After the long winter I think everyone is happy to be outside dealing with turf issues, but depending on where you are, those issues could be quite extreme. I’ve seen excessive Bermuda loss in the South (and North) and equally significant cool season turf loss up North. Turf managers are working their magic to recover, and over the next 60 days golfers will have long forgotten the damage caused by winter.  Everyone knows the fact that you’re only as good as the greens putt today.

Be sure to document your damage with pictures and keep a detailed record of expenses to repair. The good news: There are steps you can take this fall to reduce damage next year. I’ve had the opportunity to see a lot of the damage, North and South, and here are a few things that seem to make a difference.

In the South

Bermudagrass that was over seeded with annual ryegrass is in much better condition. Walking on side-by-side fields, the Bermuda within the rye appears to be green and ready to make a move. Unfortunately the Bermuda on the adjacent field (not over seeded) is going to need seed or springs in the near future.  Another noteworthy observation appears to be that fall applied molasses will help the plant store more carbohydrates and help fight off winter damage.  It also helps the plant come out of dormancy quicker when applied in the spring. Foliar-Pak Amperage is a great molasses product, and the rest of Foliar-Pak line has been excellent for recovery.

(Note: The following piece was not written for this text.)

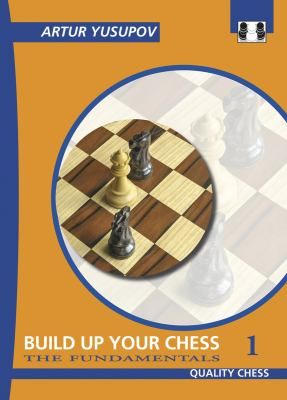 Build Up Your Chess 1 cover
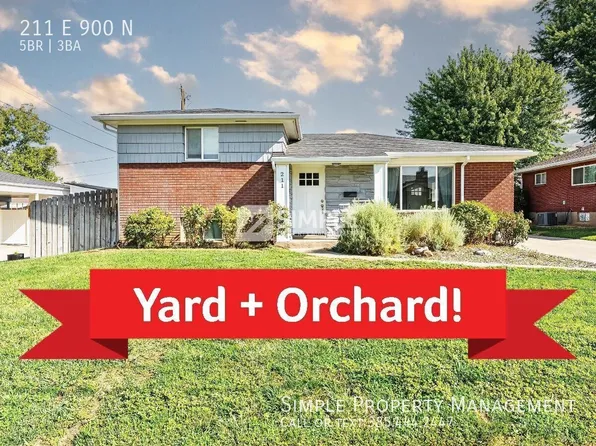 211 E 900 N, Bountiful, UT 84010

The photos above were taken last Friday. This Bermudagrass was treated with two applications of L-18 Activator and Micros Plus and four applications of Holganix last year. It also received a spring application of L-18 Activator and Micros Plus about a week ago. The superintendent says the overall turf loss is less than 1%, and while about 15% of the turf is weaker than the rest, it will recover and should have no issues within a month.

In the North

Turf managers who used a late fall surfactant combined with a late aerification came through winter much better. Wetting agents are normally considered summer products, but that’s not the case. Wetting agents are broken down and consumed by microbes. As the temperature drops so does the microbial activity, allowing the wetting agent to hang around for a long time. Having a wetting agent in place for the early spring freeze/thaw can help move water away from the crown. Obviously the late aerification will create more pore space for water movement. As water gets into the aerification holes over winter, it will freeze and expand, further fracturing the soil and making more room for roots in the spring!  Last thing, don’t forget the late heavy topdressing is critical and acts like a winter blanket for your turf.